Read Dragon Slave Page 17

Jacinth came to Theo in the afternoon, asking her to go watch Xander for a while. “He’s at Damon’s place right now,” she said. “I’ll come for him soon, but right now I’m going hunting.”

  “Not a problem,” Theo agreed and headed for Damon’s as Jacinth left.

  She found Xander just outside Damon’s shabby shelter.

  “So where do you keep your wand?” Xander asked, watching as Damon threw together a potion over a violent fire.

  “Wands,” Damon replied huskily, “are nothing but a poor misunderstanding of wizardry. Swishing a stick around and speaking nonsense has no relation to magic. Magic is found in physical objects, not actions.”

  “Oh.” Xander sounded disappointed. “Then where are the magical objects?”

  Damon continued on with his busy work, occasionally peering into the cauldron. “Everywhere,” he answered, preoccupied. “Everything living contains magic.”

  Xander laughed, disbelieving. “So you’re saying I have magic inside of me?”

  “Many magics. You’d be dead without most of them.”

  “Damon,” Theo stepped in, suspicious. “What lies are you filling this boy’s ears with?”

  “They are not lies,” Damon responded. “They are honest answers to his questions.”

  “Wait River, let me listen,” Xander urged.

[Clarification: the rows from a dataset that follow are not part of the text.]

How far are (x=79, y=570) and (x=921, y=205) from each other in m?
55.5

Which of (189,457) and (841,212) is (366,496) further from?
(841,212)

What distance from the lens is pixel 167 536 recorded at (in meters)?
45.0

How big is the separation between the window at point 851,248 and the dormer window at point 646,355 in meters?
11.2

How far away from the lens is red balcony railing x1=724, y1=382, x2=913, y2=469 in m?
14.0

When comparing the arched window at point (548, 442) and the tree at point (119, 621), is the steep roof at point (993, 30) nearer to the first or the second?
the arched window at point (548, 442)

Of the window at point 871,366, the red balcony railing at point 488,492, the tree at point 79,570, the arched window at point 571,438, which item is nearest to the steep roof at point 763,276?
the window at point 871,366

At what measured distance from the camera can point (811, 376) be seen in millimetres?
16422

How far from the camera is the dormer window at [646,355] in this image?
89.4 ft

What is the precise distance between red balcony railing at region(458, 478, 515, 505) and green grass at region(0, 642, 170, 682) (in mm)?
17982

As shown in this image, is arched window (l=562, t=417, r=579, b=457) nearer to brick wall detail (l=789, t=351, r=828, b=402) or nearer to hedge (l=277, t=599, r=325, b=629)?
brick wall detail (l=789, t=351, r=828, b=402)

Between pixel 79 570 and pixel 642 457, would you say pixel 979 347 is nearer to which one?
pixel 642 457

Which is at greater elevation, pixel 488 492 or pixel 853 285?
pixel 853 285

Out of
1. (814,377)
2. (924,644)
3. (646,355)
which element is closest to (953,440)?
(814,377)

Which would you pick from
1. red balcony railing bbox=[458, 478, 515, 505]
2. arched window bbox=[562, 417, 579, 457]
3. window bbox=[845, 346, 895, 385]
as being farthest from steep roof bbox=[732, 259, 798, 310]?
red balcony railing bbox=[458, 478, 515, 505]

Then he asked Damon, “So if I were dead, then what?”

  “The magic would leave your body as you deteriorated, beginning the Cycle of Magic anew,” Damon said, dropping a handful of berries into the pot.

  “The Cycle of Magic!” Xander was clearly entertained. “What’s that?”

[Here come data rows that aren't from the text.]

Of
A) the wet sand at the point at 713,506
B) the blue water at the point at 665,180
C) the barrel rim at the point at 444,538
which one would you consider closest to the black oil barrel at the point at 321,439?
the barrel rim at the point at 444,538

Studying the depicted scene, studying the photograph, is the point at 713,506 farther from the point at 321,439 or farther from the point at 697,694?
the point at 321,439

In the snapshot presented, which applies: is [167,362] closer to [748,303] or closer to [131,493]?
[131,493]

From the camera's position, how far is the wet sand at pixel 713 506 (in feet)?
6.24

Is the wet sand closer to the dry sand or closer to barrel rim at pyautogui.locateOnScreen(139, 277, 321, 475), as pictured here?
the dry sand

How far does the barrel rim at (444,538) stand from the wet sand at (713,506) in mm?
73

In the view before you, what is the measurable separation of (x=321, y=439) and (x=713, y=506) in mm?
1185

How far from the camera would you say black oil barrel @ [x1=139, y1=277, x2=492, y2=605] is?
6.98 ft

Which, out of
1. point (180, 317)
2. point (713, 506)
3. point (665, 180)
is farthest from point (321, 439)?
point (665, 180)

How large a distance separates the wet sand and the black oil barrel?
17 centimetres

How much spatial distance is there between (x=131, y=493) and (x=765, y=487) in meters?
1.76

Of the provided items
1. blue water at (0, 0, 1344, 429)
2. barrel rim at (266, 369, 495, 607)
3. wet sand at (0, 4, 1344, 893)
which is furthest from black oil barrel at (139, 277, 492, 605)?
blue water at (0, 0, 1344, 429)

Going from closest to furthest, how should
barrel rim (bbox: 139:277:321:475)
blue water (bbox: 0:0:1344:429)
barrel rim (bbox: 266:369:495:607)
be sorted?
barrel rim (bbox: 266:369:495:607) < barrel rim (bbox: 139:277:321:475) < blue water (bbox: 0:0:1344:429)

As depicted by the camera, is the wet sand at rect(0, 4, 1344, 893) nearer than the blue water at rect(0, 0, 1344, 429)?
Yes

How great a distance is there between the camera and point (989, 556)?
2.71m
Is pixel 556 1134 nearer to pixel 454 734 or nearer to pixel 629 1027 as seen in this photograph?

  Damon stopped to face him, looking fatigued as always. “That’s a question with a big answer,” he warned, but Xander was not deterred.

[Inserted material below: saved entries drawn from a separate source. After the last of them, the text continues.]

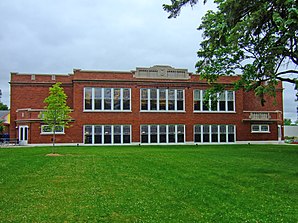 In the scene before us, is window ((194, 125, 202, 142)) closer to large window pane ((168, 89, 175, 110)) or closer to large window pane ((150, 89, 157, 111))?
large window pane ((168, 89, 175, 110))

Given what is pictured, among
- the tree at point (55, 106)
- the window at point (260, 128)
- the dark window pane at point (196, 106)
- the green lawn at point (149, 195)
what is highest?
the dark window pane at point (196, 106)

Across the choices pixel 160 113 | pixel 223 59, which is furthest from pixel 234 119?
pixel 223 59

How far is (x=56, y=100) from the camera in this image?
2134 cm

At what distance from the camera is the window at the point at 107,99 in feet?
113

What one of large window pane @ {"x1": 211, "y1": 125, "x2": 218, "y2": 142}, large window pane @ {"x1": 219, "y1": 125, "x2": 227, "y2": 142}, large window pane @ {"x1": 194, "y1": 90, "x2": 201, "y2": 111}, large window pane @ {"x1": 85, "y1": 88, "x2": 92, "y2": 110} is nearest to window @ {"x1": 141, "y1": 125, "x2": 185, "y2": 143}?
large window pane @ {"x1": 194, "y1": 90, "x2": 201, "y2": 111}

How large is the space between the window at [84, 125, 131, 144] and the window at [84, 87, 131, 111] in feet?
6.30

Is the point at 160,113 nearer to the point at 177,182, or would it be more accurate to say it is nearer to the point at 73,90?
the point at 73,90

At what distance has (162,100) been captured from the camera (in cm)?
3603

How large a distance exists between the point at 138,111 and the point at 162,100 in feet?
9.68

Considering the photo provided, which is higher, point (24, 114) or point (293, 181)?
point (24, 114)

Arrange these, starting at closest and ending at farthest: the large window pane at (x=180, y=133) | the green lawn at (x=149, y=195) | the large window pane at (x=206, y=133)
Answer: the green lawn at (x=149, y=195) < the large window pane at (x=180, y=133) < the large window pane at (x=206, y=133)

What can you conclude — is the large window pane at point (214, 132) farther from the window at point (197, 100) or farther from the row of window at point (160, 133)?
the window at point (197, 100)

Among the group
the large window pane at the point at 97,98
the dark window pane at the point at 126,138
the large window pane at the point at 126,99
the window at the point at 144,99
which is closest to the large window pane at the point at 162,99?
the window at the point at 144,99

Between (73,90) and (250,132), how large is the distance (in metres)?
20.5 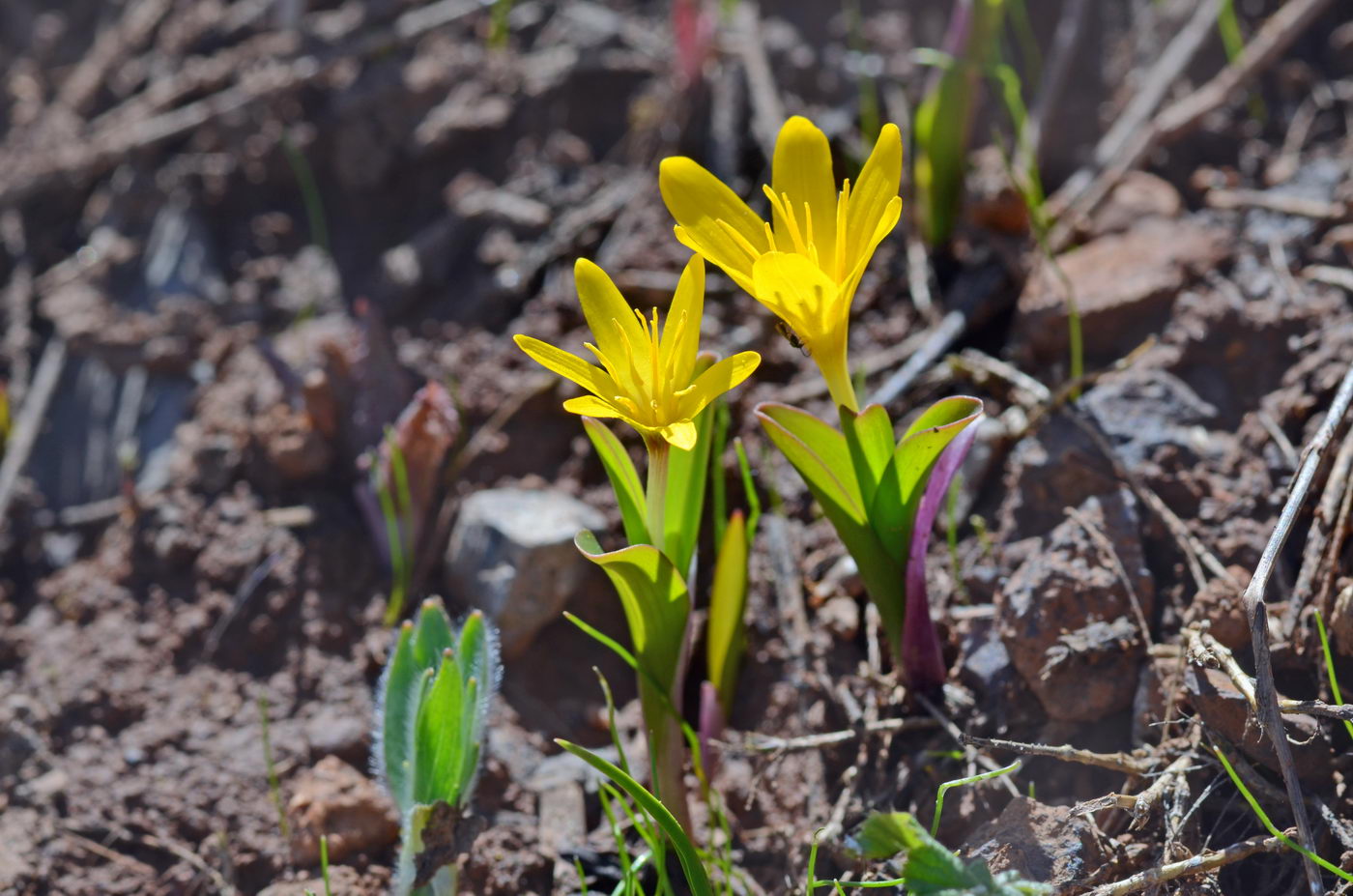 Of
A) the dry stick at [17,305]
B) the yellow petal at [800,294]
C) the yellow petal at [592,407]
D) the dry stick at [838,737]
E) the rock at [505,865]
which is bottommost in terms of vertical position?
the rock at [505,865]

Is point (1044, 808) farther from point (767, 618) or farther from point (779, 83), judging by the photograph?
point (779, 83)

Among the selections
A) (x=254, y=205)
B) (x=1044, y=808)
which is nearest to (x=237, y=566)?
(x=254, y=205)

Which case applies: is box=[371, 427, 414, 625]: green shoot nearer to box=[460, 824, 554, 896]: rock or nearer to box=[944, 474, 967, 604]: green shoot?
box=[460, 824, 554, 896]: rock

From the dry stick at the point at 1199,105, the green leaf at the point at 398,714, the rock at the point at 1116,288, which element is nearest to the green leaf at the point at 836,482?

  “The purest form of magic,” Damon began with a sigh, “is found wherever life is found. It has its ways of entering you and me, by air or by water. It may help you to think of magic as paint. Pure magic starts out colorless, but living things add color to it, making different kinds of magics.”

  Damon paused, looking around for something as he muttered. Then, spotting the beetle on his garments, he brushed it into the cauldron murmuring, “That will do.”

  “So, ‘different kinds of magic…’” Xander prompted him, watching as the beetle struggled to escape the boiling deathtrap.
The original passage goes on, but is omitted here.